Argonaut members encourage prepared entities to move more quickly towards data standardization and API adoption than current regulatory processes require in order to lead the industry by example.

“I’ve seen a lot more progress when groups of provider organizations and technology developers get together and say, ‘We’re going to go at the quickest pace we can, regardless of whether the whole market travels at the same speed,’” Arien Malec, Vice President of Data Platform and Acquisition Tools at RelayHealth told HealthITAnalytics.com.

“Clearly, I’m proud of my work in the CommonWell Health Alliance and in being part of the Argonaut Project, which I think are both good representations of that attitude that says, ‘We’re going to get together and drive interoperability independently of the certification program.’”

“We’re going to go at the quickest pace we can, regardless of whether the whole market travels at the same speed.”

The Argonaut Project aims to introduce specifications for a new architectural pattern and style for healthcare organizations to access data and services, and more flexible and open methods for authorized access to health information.


Support for APIs in healthcare is growing as government organizations encourage the use of APIs in health IT infrastructure.

The Centers for Medicare & Medicaid Services (CMS) recently called for the use of APIs to help providers meet requirements for electronic patient access to health information by giving consumers tools to easily interact with their personal health data.

ONC also recognized the importance of FHIR and APIs by hosting a pair of industry challenges and a funding opportunity to address several  interoperability issues in healthcare including: helping patients access their data, improving the provider user experience of EHRs and other health IT tools, and coordinating the development of app-based solutions across the industry.

The support CMS and the ONC have for FHIR and APIs speaks to the future of the technology and its potential impact on healthcare interoperability.

“And vendors who are implementing it are feeling their way forward to make sure they understand it, and to discover if there are any gaps or bugs, or if the specification is not actually specific enough.”

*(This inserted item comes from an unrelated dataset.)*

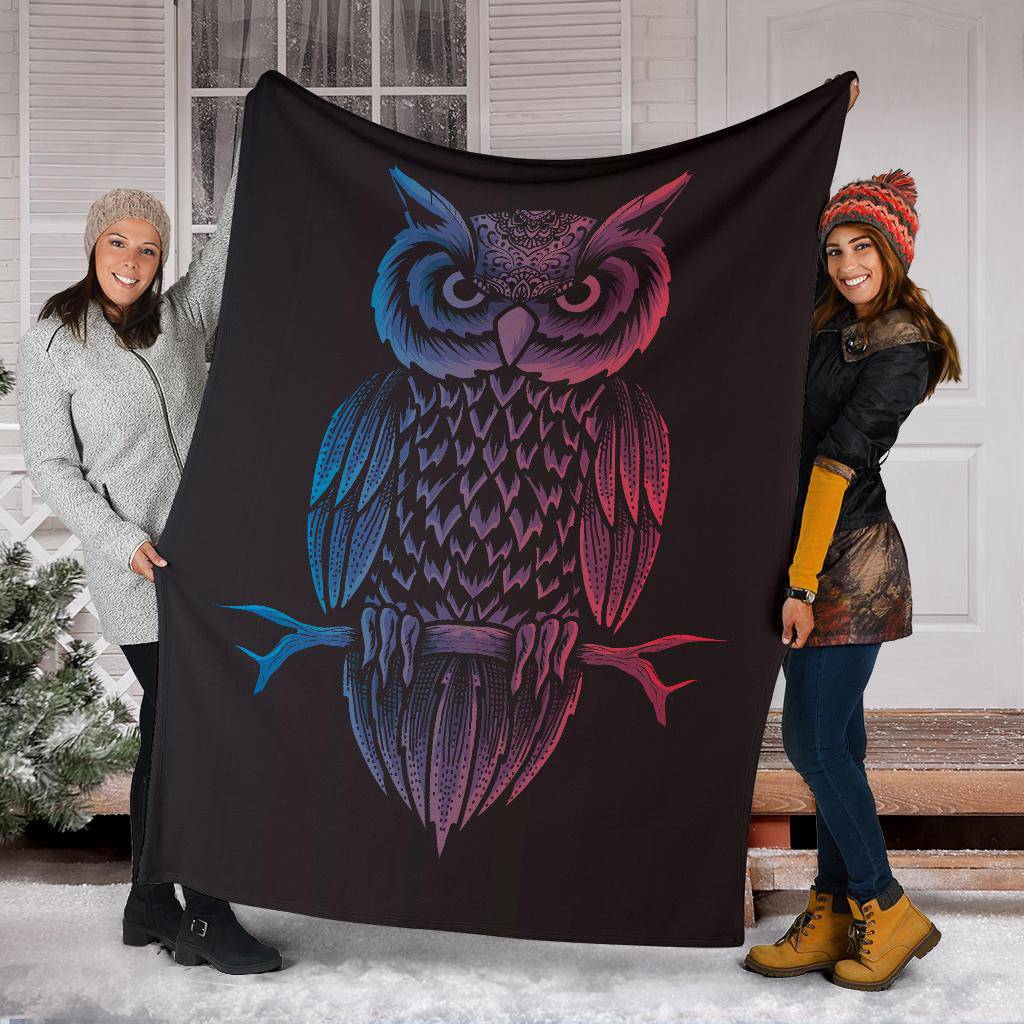 Owl Bird Neon Animal Premium Blanket - Top Content | POD Collection | Free Shipping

As API development continues, the importance of creating a standard for healthcare application communication is a priority for vendors and organizations.

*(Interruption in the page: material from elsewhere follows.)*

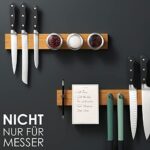 LARHN Magnetleiste Messer aus Bambus, Eiche & Walnuss mit Extra Starkem Magnet, 40cm, Messerhalter Magnetisch Holz für Utensilien und Werkzeuge – Bild 6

“As an industry, we have to come together to solve the problem of access to our own healthcare information,” said Cerner Corporation President Zane Burke.

“Patients deserve access to their data no matter where they are in the country, and no matter where their record primarily resides.  They should have the ability to provide consent to have a clinician be able to pull those records whether they’re on a Cerner system or a competitor’s solution.  Ultimately, that’s what we need to deliver.”

As API development continues, healthcare organizations can prepare their IT infrastructure by implementing app development and cloud solutions where necessary and improving wireless network speed and capacity to support faster and more efficient data exchange between applications and sources.

Organizations looking to embrace better interoperability – and have the IT infrastructure to support it – may benefit from bringing more developers onto their IT staff to develop APIs for standardized data to increase organization operations and prepare for a future of shared data.